### [Work to complete]
Using the entries that follow, report the number of lines that include the string "from", without any other text.

◇ ◇ ◇ ◇

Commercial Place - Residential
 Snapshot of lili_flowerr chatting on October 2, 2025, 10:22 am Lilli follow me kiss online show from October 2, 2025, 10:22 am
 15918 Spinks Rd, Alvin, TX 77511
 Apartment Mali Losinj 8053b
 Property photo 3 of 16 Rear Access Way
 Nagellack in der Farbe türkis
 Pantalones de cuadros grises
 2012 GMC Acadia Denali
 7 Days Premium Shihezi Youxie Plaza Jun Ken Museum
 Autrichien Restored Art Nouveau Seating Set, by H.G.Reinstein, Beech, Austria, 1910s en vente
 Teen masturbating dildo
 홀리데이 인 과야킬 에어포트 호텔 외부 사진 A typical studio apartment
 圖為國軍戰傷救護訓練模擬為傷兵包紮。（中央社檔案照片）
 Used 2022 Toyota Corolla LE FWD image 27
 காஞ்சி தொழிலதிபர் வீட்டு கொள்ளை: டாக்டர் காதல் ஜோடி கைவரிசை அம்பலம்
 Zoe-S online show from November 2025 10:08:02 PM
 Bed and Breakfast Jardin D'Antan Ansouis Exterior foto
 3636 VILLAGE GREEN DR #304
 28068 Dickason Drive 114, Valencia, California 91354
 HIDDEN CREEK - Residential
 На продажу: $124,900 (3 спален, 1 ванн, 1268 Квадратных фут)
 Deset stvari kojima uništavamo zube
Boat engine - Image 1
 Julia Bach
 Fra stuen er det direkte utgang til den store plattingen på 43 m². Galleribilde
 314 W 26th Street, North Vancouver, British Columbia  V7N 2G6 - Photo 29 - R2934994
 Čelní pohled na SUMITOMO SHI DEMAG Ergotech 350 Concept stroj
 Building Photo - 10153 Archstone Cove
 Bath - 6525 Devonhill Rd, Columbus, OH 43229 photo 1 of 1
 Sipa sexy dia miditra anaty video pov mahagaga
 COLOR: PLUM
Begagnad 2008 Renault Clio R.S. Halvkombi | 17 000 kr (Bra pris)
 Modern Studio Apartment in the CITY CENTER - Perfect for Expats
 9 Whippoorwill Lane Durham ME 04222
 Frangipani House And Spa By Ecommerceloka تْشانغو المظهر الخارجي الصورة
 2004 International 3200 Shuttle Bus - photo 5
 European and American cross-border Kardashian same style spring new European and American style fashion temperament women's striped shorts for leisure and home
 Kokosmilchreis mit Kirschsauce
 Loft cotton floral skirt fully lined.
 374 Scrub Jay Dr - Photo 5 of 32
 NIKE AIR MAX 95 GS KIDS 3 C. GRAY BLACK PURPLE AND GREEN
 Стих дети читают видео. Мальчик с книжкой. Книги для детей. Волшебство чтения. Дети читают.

◇ ◇ ◇ ◇

### [Task output]
2